Could that be because the United States had military bases in Kuwait and was enforcing “no-fly zones” in Iraq that made an attack on Iran or Kuwait impossible? Why would they regard Iraq as a threat as long as the US was there?

Chomsky does the same thing time and time again with events related to the Cold War, which surprisingly, he talks about quite a lot in the book. You’d think that a book about the “post 9/11 world” would for the most part be on, well, the “post 9/11 world.” Instead, Chomsky spends more time than you would expect discussing Cold War battlefields like Vietnam, Grenada, Cuba, and Nicaragua, among others.

But here’s the rub: despite the fact that US foreign policy in these countries cannot be effectively explained or understood without mentioning the role the Soviet Union played, Chomsky either ignores the Soviets or acts as if they were almost irrelevant to what was happening. That’s like having a discussion about WW2 without going into detail about what the Nazis were doing.

Of course, that’s exactly the point. You can make history appear to show anything you wish if you strip away the context and any inconvenient facts. Chomsky does this routinely and as a result, he presents a bizarro world version of history to his readers that is patently misleading.
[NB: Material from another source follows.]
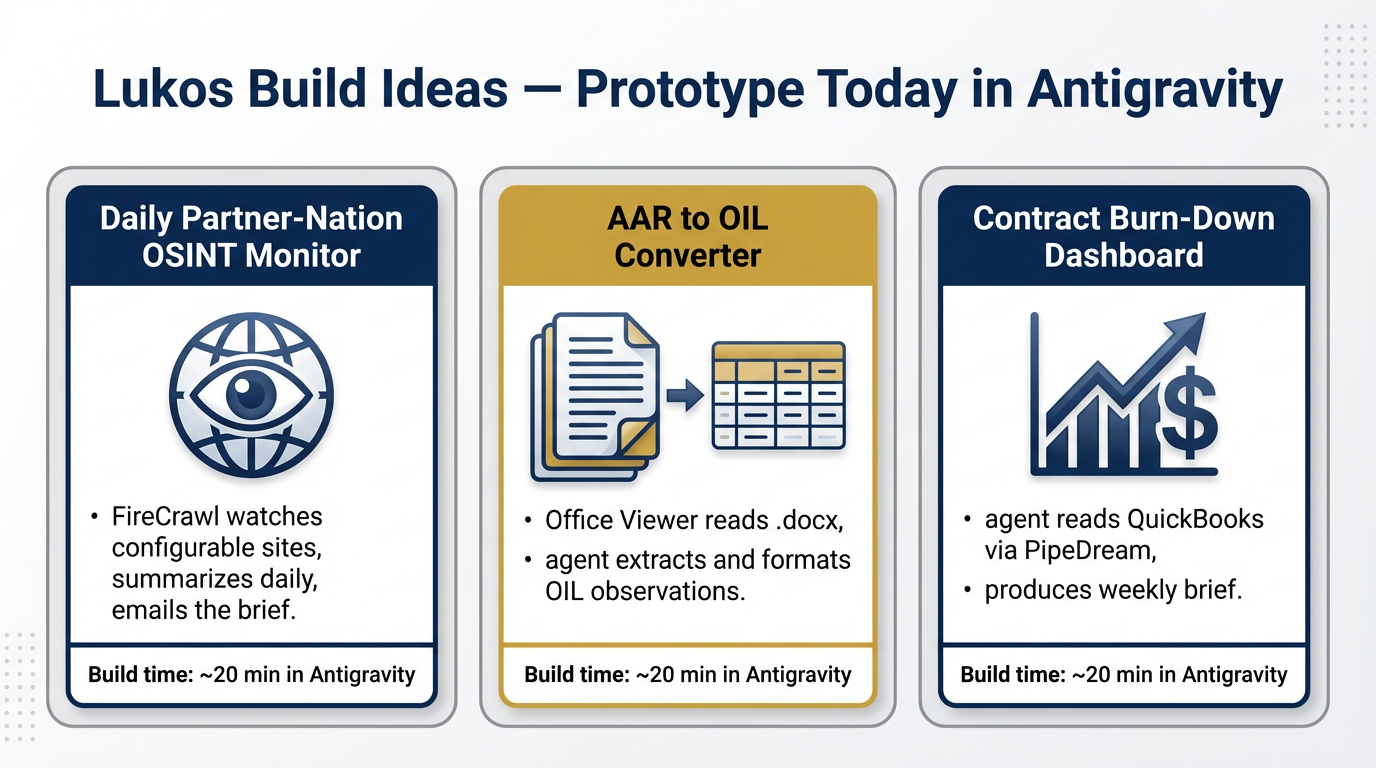 Three Lukos prototype project cards
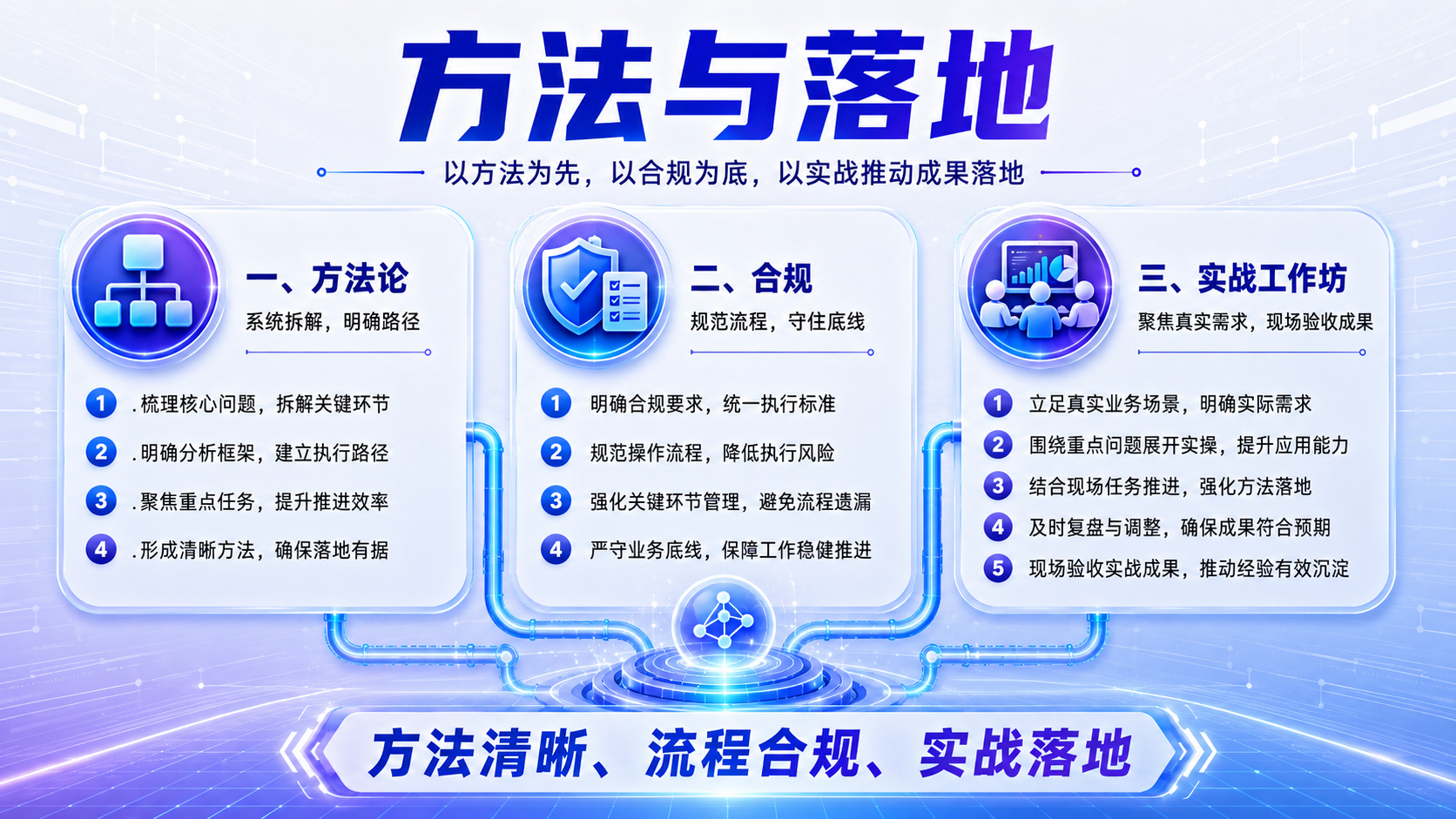 方法与落地文案配图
But even if they’re not familiar with history, you’d think that the Chomsky-bots out there might start to figure out that there’s something a little off about their hero after reading quotes like these with no-follow up or explanation:

“The universities are pretty right wing…” — P.180

Compared to what? The old Soviet Union?

“Actually I hate to use the word religious. Part of the reason is that you could make the argument that organized religion is sacrilegious. It is based on very strange conceptions about the deity. If there were one, he wouldn’t like it.” — P.184


“The father of a friend of mine was very sick, and he had to take him to the hospital. The father didn’t have health insurance, and the friend actually sat there for three days bringing him food and taking care of him before the doctors saw him.” — P.196

Yeah, right! At what US hospital did that occur? When was it?

What it all boils down to is that Chomsky is nothing but a history twisting blowhard who has created a fantasy world for himself which is centered around an American empire of evil that’s attempting to oppress the rest of the planet. Unfortunately, a lot of naive people have bought into that alternate universe Chomsky has created and, as a result, the real world the rest of us have to live in is a little less rational because of it.

PS: The book? I’d give a rating of 0 on a 10 scale. Don’t waste your time with it.

PS #2: Thanks for the complimentary copy Holtzbrinck Publishers!